#### [What you will do]
Extract from the entries below, exactly as given, only the lines from the line containing "Vasenglück Trockenblumen Phalaris | Rot" to the line containing "Cute capybara cartoon", both lines included.

#### [Records shown]
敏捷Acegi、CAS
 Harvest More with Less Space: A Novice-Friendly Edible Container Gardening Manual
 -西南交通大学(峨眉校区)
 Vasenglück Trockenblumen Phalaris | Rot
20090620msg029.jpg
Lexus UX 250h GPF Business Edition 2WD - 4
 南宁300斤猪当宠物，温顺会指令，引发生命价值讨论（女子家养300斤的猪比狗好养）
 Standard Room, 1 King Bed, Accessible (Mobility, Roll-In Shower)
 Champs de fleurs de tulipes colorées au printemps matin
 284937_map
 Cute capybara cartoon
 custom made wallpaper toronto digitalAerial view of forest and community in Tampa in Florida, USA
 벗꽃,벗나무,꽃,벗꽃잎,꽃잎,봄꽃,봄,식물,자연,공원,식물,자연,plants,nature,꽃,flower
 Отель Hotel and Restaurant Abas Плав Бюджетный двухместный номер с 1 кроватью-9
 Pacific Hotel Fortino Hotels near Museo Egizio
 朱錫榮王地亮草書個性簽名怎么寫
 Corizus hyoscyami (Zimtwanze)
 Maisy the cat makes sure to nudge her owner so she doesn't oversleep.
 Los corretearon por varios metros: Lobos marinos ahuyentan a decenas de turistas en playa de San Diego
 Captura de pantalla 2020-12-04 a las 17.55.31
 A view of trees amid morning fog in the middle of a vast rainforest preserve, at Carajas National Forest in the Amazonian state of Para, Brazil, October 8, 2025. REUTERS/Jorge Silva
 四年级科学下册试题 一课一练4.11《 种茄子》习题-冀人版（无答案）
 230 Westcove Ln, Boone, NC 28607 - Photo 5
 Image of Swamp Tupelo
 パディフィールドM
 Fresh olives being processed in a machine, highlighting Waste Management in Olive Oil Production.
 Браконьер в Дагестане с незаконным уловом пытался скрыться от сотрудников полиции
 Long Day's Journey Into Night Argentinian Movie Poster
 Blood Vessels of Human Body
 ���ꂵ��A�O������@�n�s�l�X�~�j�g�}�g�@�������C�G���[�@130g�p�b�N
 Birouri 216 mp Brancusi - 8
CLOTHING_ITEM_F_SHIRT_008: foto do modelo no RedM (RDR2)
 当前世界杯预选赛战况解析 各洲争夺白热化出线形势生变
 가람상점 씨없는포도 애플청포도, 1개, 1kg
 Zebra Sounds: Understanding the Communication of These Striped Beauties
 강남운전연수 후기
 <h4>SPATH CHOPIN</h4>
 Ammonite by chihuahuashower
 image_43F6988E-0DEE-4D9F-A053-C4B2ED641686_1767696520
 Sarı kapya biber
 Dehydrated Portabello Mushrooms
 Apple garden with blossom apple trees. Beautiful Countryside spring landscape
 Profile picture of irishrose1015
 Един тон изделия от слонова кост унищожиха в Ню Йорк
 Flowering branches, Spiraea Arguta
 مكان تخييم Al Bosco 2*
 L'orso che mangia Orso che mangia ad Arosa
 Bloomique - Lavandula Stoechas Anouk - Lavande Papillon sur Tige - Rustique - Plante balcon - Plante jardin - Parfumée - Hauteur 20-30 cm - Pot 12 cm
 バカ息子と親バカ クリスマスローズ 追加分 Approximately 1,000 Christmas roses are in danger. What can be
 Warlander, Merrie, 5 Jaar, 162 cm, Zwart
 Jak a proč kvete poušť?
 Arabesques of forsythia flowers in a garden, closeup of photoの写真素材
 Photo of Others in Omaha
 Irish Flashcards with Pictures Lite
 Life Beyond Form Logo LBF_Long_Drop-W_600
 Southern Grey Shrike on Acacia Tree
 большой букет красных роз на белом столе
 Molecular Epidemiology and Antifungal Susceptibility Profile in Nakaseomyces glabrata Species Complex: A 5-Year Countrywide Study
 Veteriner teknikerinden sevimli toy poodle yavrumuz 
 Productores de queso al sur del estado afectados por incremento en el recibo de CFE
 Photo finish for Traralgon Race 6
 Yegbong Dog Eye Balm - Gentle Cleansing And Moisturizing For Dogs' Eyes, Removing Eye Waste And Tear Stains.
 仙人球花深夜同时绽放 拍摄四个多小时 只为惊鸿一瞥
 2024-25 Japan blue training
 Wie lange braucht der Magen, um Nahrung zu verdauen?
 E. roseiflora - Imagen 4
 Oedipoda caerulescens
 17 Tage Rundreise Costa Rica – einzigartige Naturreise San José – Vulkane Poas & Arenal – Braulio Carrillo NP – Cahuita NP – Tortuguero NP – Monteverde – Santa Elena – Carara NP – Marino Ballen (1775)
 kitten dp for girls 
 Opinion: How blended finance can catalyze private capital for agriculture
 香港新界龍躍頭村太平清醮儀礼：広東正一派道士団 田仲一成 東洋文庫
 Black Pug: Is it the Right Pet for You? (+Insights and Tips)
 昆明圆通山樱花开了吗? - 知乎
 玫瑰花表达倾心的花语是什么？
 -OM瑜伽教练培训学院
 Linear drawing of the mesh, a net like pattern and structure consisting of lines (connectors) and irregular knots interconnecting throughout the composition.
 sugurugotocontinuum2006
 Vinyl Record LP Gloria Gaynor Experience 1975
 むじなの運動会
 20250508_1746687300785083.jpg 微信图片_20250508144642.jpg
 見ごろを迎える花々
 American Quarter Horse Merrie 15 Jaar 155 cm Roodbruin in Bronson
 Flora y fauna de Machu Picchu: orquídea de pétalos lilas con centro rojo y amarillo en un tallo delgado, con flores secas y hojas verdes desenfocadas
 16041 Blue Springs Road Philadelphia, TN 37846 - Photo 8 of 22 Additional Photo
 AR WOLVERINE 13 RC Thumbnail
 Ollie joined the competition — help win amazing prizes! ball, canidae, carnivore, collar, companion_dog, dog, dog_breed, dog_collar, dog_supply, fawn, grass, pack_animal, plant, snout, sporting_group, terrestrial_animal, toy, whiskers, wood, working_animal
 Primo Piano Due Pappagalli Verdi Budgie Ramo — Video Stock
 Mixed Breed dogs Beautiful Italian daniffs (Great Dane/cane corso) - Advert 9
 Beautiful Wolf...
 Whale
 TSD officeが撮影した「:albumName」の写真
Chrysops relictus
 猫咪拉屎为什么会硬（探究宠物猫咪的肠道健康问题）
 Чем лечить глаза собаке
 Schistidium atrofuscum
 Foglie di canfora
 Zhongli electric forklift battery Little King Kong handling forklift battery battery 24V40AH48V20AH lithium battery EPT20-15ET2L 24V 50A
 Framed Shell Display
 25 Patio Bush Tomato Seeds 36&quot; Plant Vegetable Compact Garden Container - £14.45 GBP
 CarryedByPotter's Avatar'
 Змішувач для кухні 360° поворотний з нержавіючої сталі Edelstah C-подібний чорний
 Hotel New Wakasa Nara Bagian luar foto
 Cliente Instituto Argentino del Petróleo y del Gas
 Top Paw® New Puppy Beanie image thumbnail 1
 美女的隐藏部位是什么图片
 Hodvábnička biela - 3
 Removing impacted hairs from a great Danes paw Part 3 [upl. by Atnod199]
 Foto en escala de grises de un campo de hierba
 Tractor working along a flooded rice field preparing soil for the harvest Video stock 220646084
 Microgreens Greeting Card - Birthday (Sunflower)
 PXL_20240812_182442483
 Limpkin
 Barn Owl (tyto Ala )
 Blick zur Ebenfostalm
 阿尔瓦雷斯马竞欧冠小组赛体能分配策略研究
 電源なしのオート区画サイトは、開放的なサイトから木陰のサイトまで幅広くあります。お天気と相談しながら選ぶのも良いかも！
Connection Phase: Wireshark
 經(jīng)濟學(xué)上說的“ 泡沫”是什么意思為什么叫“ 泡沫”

#### [Output for this task]
 Vasenglück Trockenblumen Phalaris | Rot
20090620msg029.jpg
Lexus UX 250h GPF Business Edition 2WD - 4
 南宁300斤猪当宠物，温顺会指令，引发生命价值讨论（女子家养300斤的猪比狗好养）
 Standard Room, 1 King Bed, Accessible (Mobility, Roll-In Shower)
 Champs de fleurs de tulipes colorées au printemps matin
 284937_map
 Cute capybara cartoon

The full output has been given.